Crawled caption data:
+--

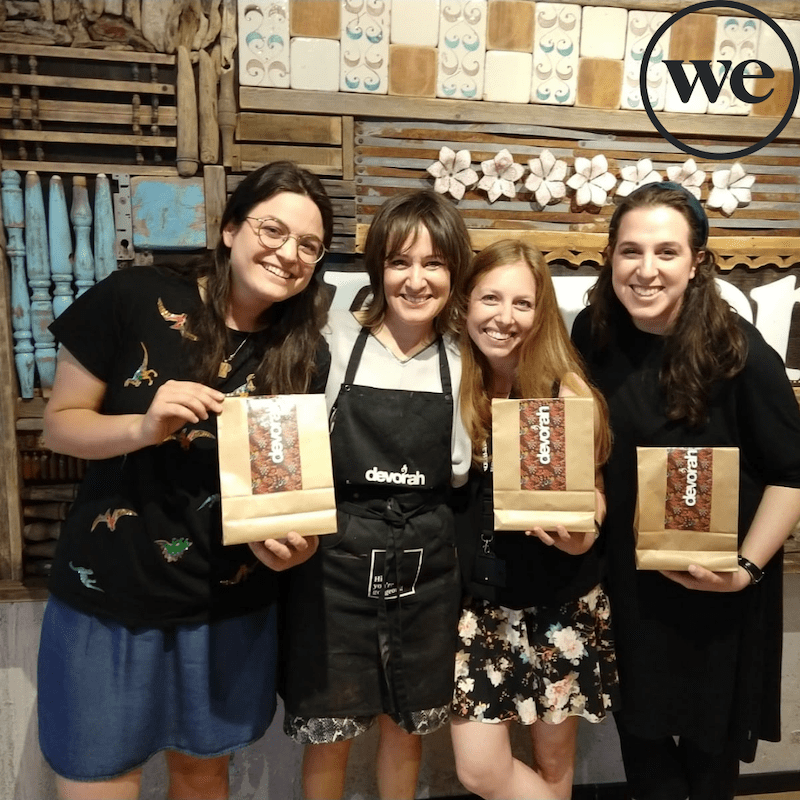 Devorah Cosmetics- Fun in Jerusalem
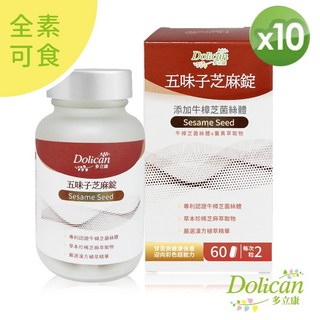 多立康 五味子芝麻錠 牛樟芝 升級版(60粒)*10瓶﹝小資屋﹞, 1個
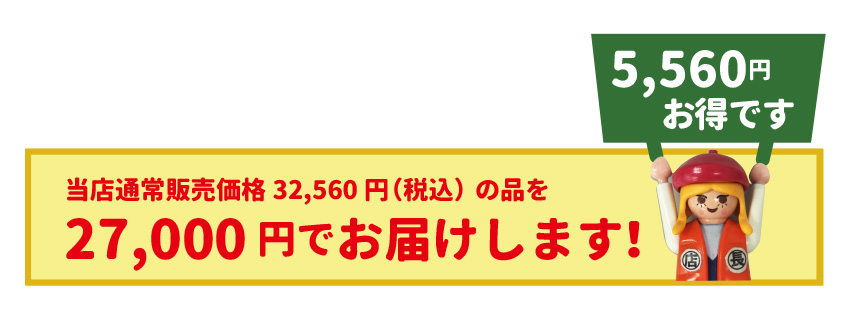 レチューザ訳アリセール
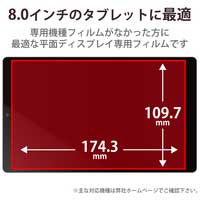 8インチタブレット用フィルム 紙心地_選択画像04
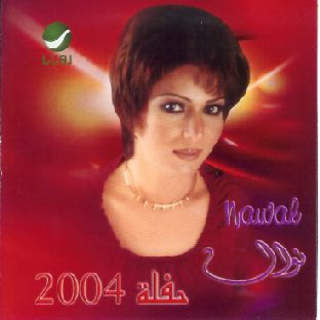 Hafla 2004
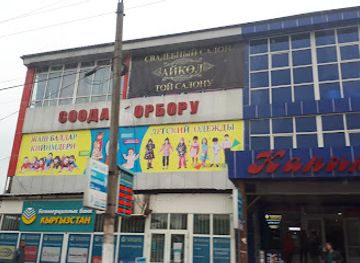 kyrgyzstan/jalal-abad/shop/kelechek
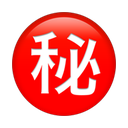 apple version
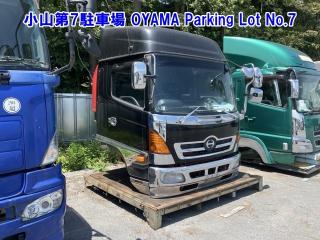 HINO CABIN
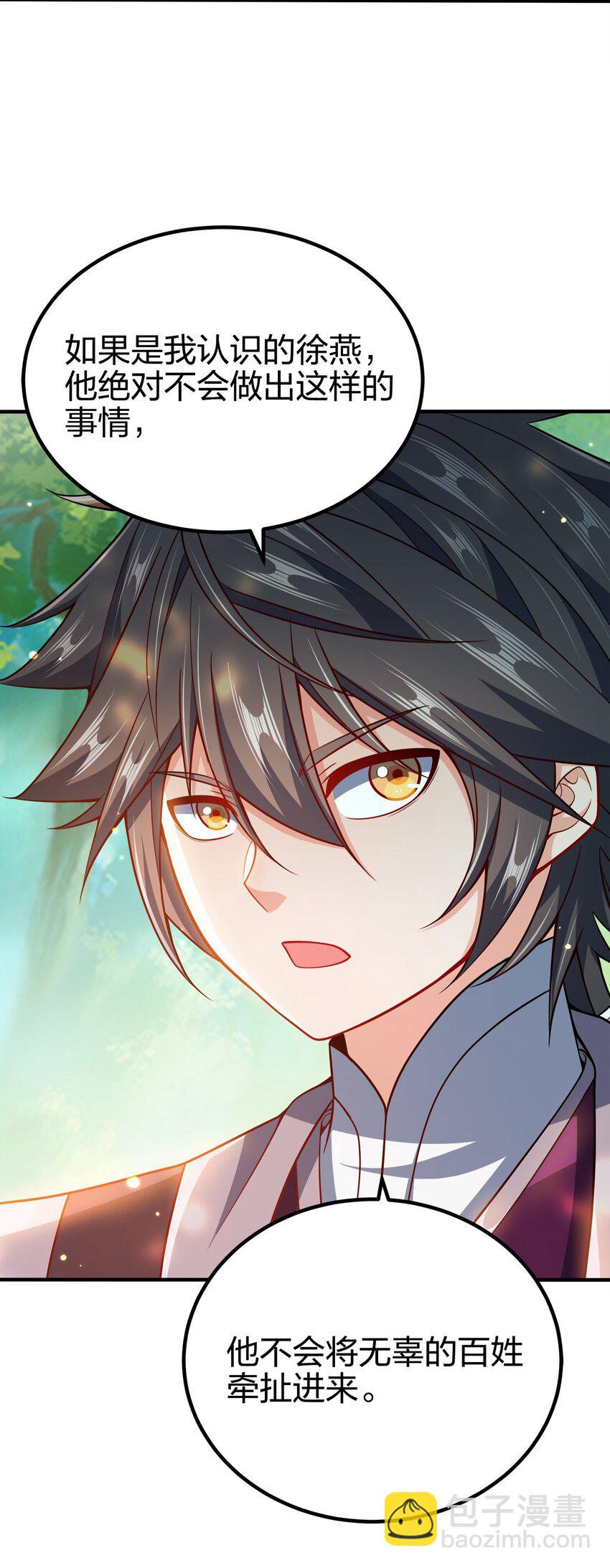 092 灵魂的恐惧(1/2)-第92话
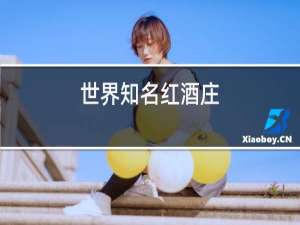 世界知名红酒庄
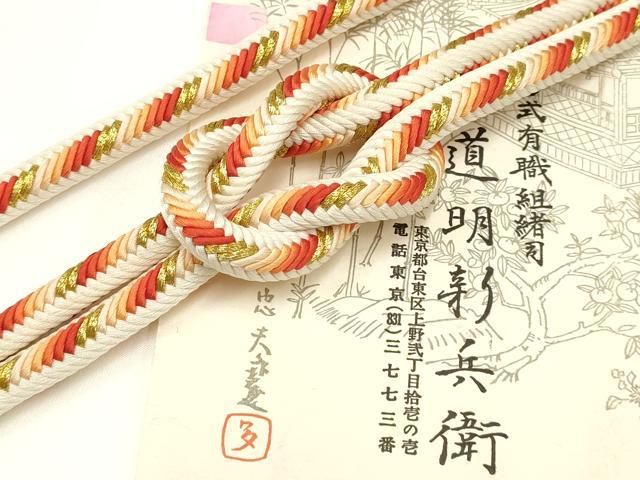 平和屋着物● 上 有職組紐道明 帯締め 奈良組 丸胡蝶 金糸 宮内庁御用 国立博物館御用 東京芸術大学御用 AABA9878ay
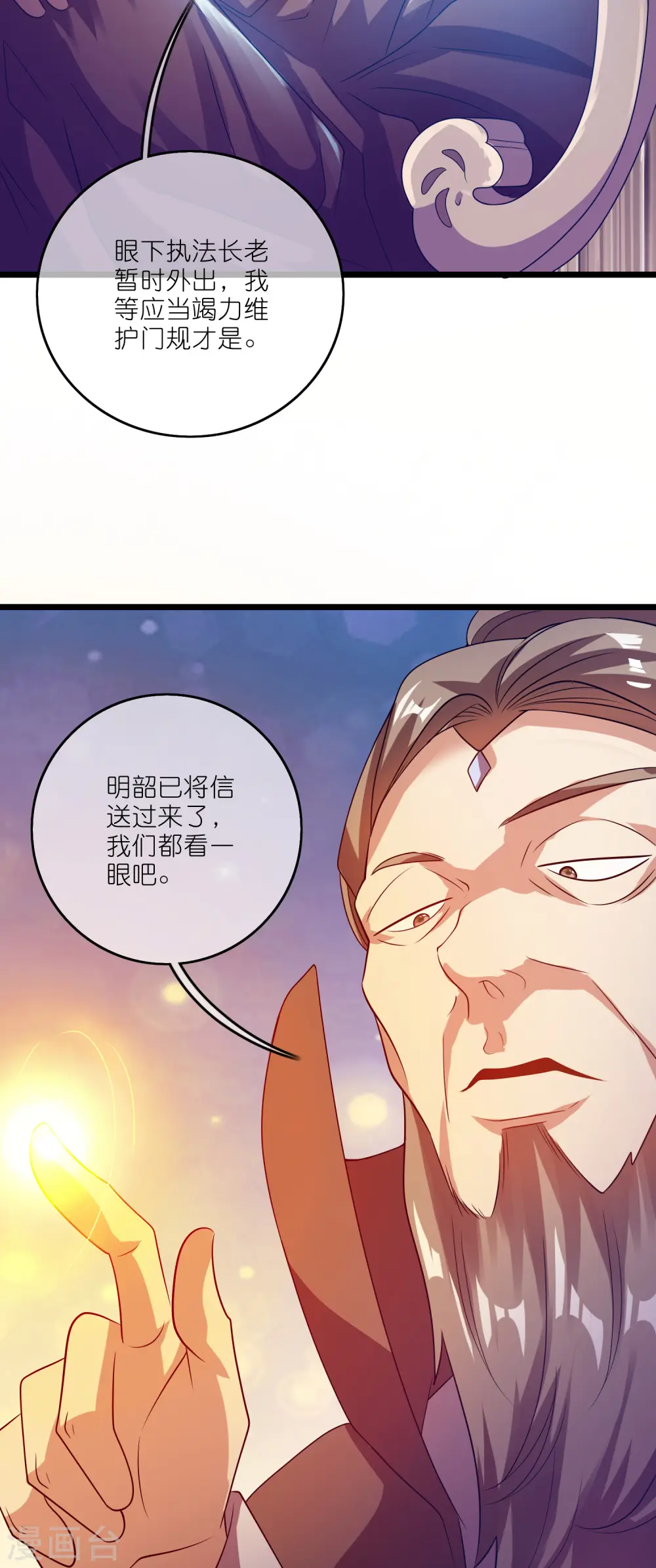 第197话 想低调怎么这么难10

+--

Repeat the data in full, exactly as it stands, but drop every picture.

 Devorah Cosmetics- Fun in Jerusalem
 多立康 五味子芝麻錠 牛樟芝 升級版(60粒)*10瓶﹝小資屋﹞, 1個
 レチューザ訳アリセール
 8インチタブレット用フィルム 紙心地_選択画像04
 Hafla 2004
 kyrgyzstan/jalal-abad/shop/kelechek
 apple version
 HINO CABIN
 092 灵魂的恐惧(1/2)-第92话
 世界知名红酒庄
 平和屋着物● 上 有職組紐道明 帯締め 奈良組 丸胡蝶 金糸 宮内庁御用 国立博物館御用 東京芸術大学御用 AABA9878ay
 第197话 想低调怎么这么难10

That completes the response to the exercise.